Zo lezen we in een van de stukken dat er bonen zijn gevonden op bijna drie kilometer hoogte, zo ongeveer op de vorstgrens in de Andes. Die koude-tolerante eigenschap kan misschien worden ingekruist met de hedendaagse gangbare cultivars. Tenminste, als dat nodig mocht blijken te zijn.
Het is dus handig zo veel mogelijk wilde voorvaderen en -moeders te kennen en ook in zaadbanken te bewaren.


Tegen rotsen, hangend in struikgewas.

De nieuwe soort, het zusje van phaseolus vulgaris heet nu dus phaseolus debouckii. Na de vondst werd ze overigens eerst geschaard onder de P. vulgaris. Die naam moet dus nu in allerlei databases over de hele wereld worden aangepast.

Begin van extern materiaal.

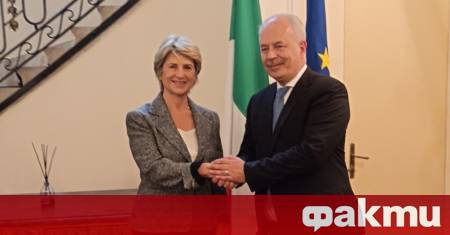 Председателят на БОК Весела Лечева беше гост на посланика на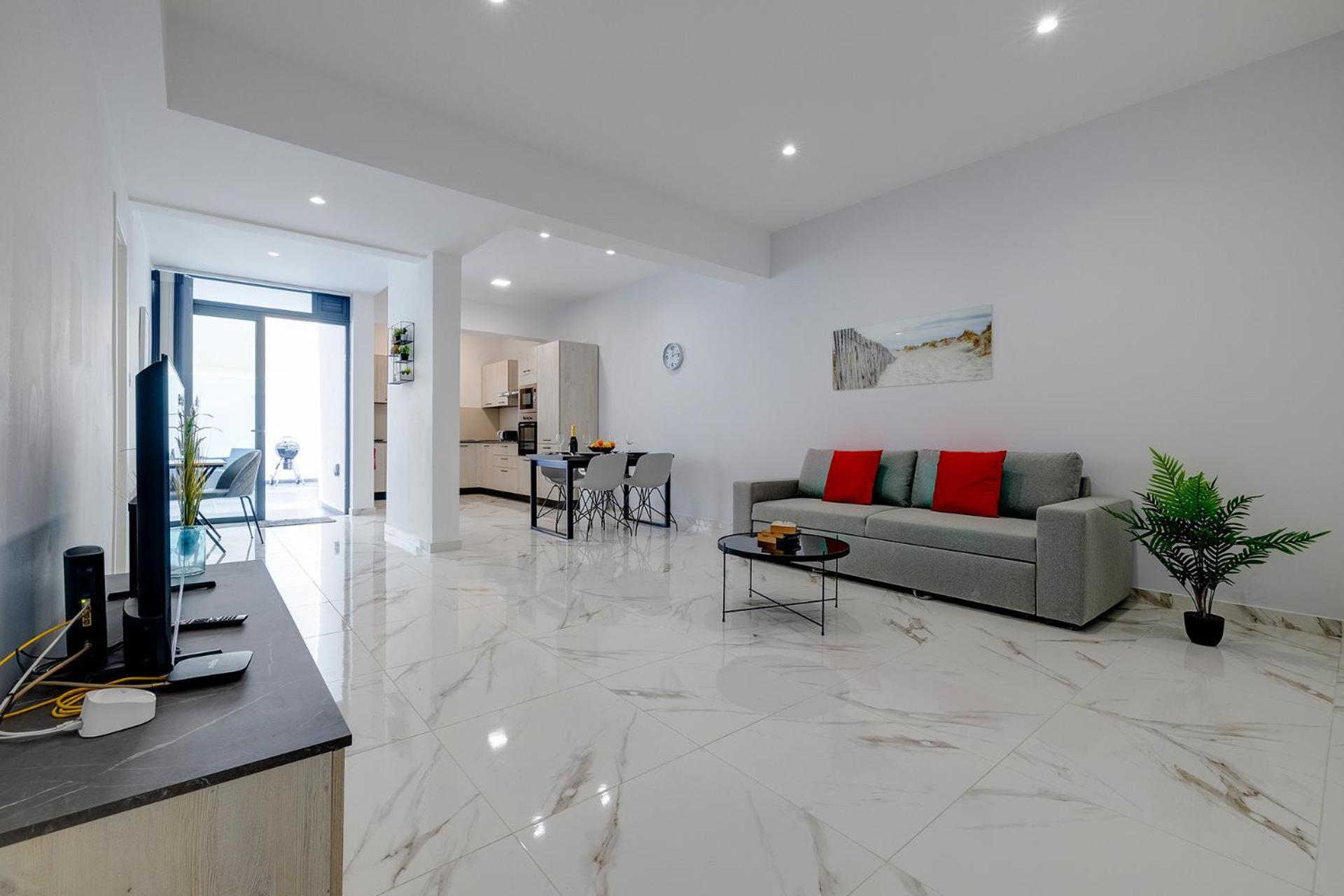 2br Great Location With Terrace * Sliema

De boon, met kleinere zaden in de peul dan gewoonlijk, werd op nogal geïsoleerde plekken gevonden. Men vermoed dat deze P. debouckii ongeveer een miljoen jaar geleden uit P. vulagris is ontstaan. P vulgaris kent ook een afsplitsing – zij die zich in Midden-Amerika handhaafden en zij die in centraal Zuid-Amerika voorkomen. Die splitsing wordt op 200.000 jaar geleden gedateerd, maar genetisch zijn ze vrijwel identiek. Dus P. debouckii, hoewel nieuw ontdekt, is dus eigenlijk hartstikke oud.
Nu is het geslacht Pahseolus niet beperkt tot de genoemde drie, er zijn er nog wel een paar. Het unieke aan deze vondst is, is dat ie zo oud is. En toch zo nieuw.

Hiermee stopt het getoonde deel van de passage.